■ EXERCISE DIRECTIONS:
Pictures are to be left out, and only the lines from the one containing "Vintage Dresses Ethnic" through the last line of the data are to be returned exactly.

(Captioned web images)
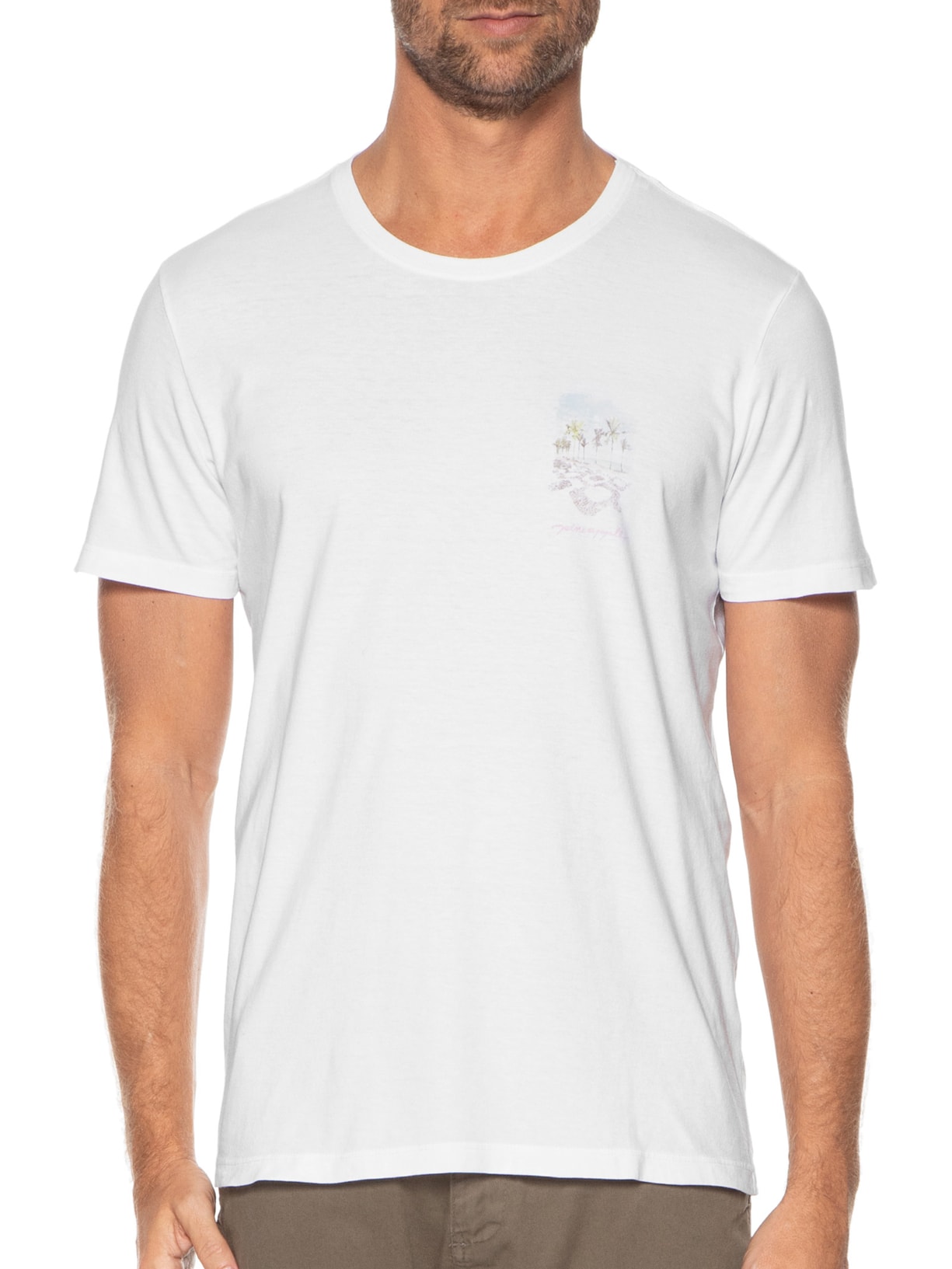 Camiseta Masculina Silkada Leblon Branco Pineapple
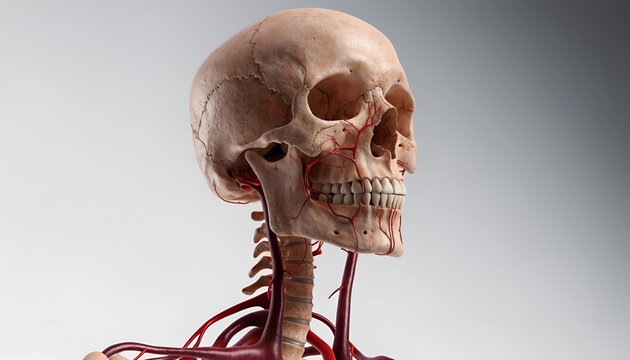 Detailed 3D Anatomical Illustration of the Human Skull, Neck Vertebrae and Blood Vessels on White Background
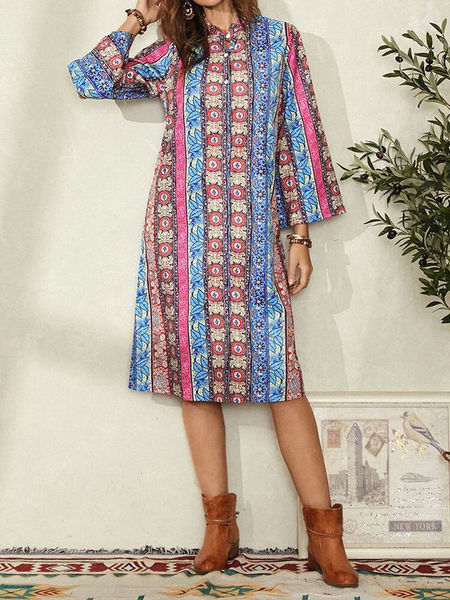 

Vintage Dresses Ethnic geometric pattern straight dress, Blue, Boho dresses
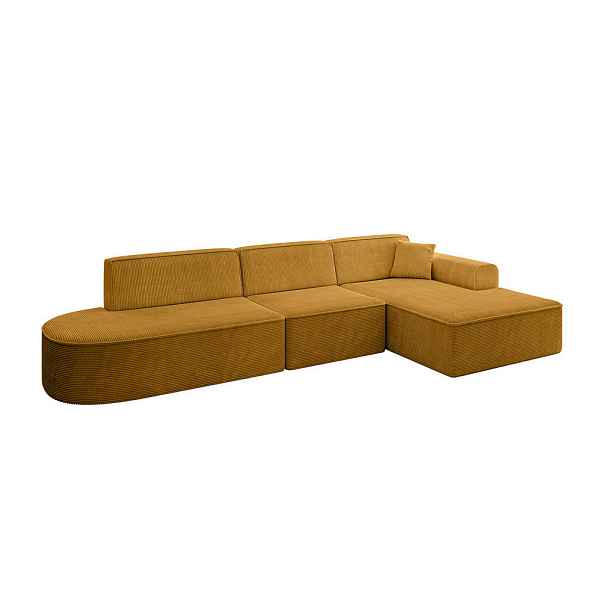 ALTDECOR ROHOVÁ SEDAČKA s otomanem, pravá IREA-L2-v3 327x165x77 Hořčicová Manšestr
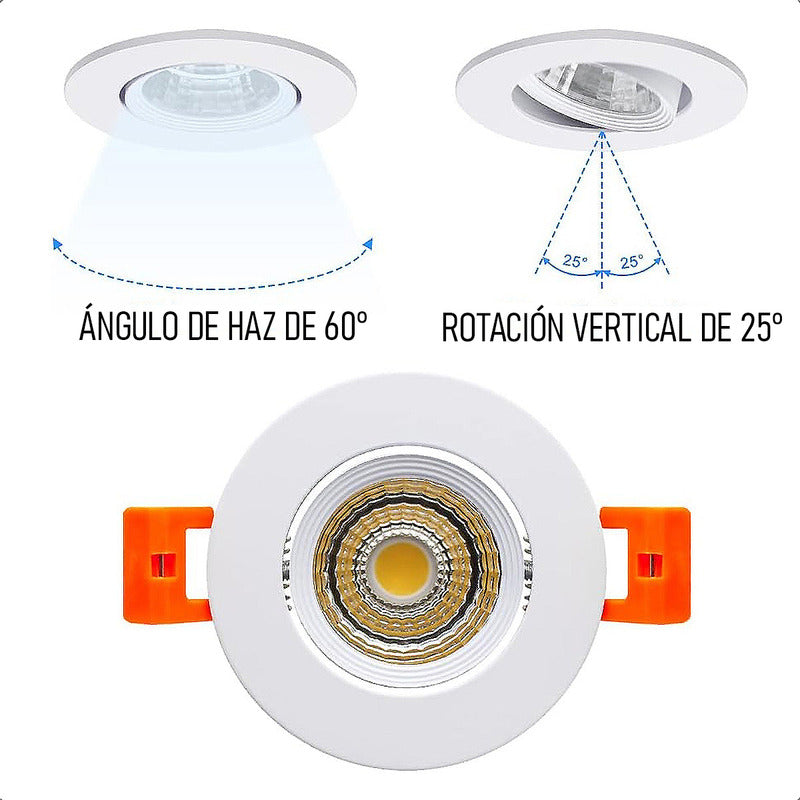 Focos Led Embutidos 5w Pack 4 Ampolleta Led Techo Foco Led
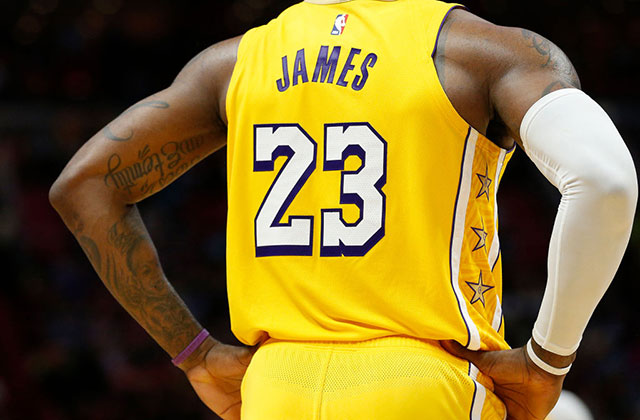 Lebron James Jersey. Close up of back of James LA Lakers yellow jersey with white number 23.
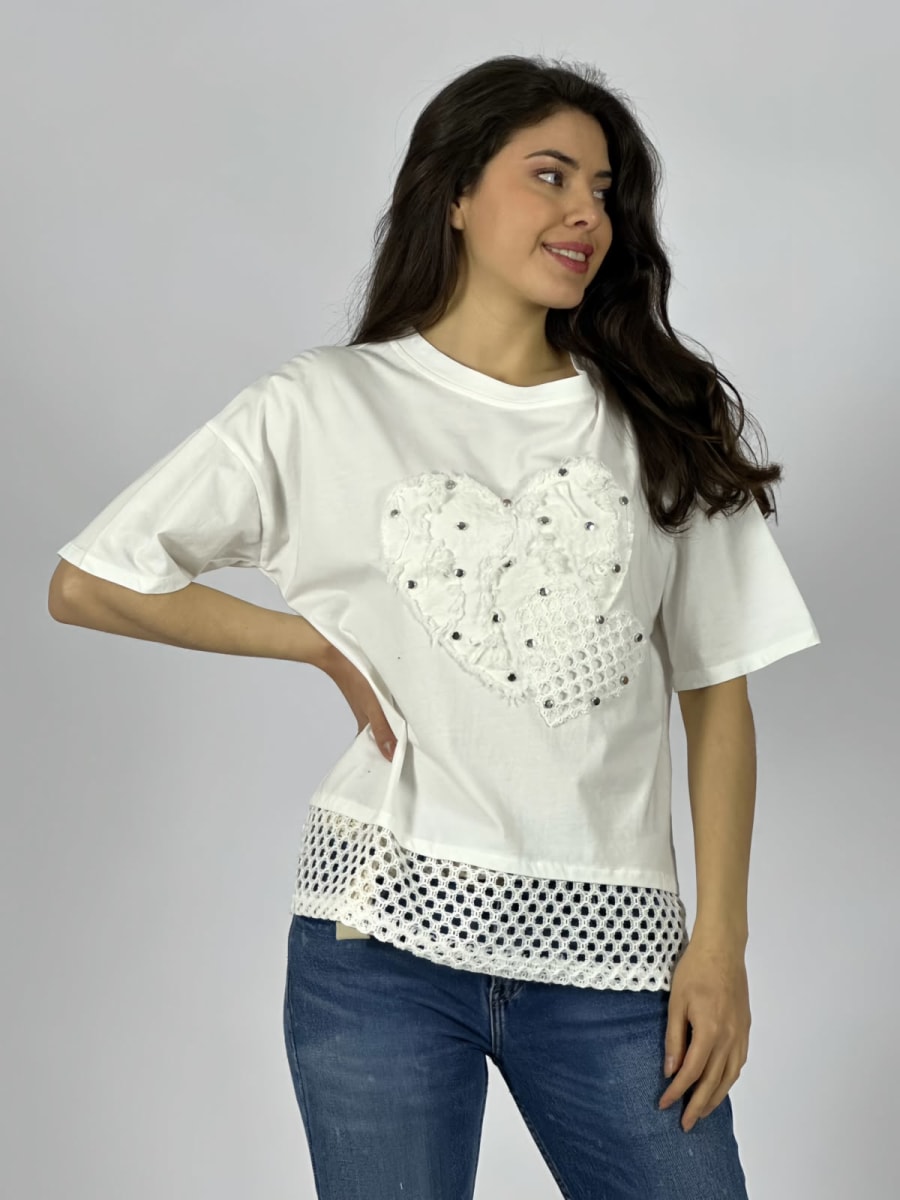 Polera Algodon Corazon Con Tachas Y Borde Tejido A4-887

■ RESULT:
Vintage Dresses Ethnic geometric pattern straight dress, Blue, Boho dresses
 ALTDECOR ROHOVÁ SEDAČKA s otomanem, pravá IREA-L2-v3 327x165x77 Hořčicová Manšestr
 Focos Led Embutidos 5w Pack 4 Ampolleta Led Techo Foco Led
 Lebron James Jersey. Close up of back of James LA Lakers yellow jersey with white number 23.
 Polera Algodon Corazon Con Tachas Y Borde Tejido A4-887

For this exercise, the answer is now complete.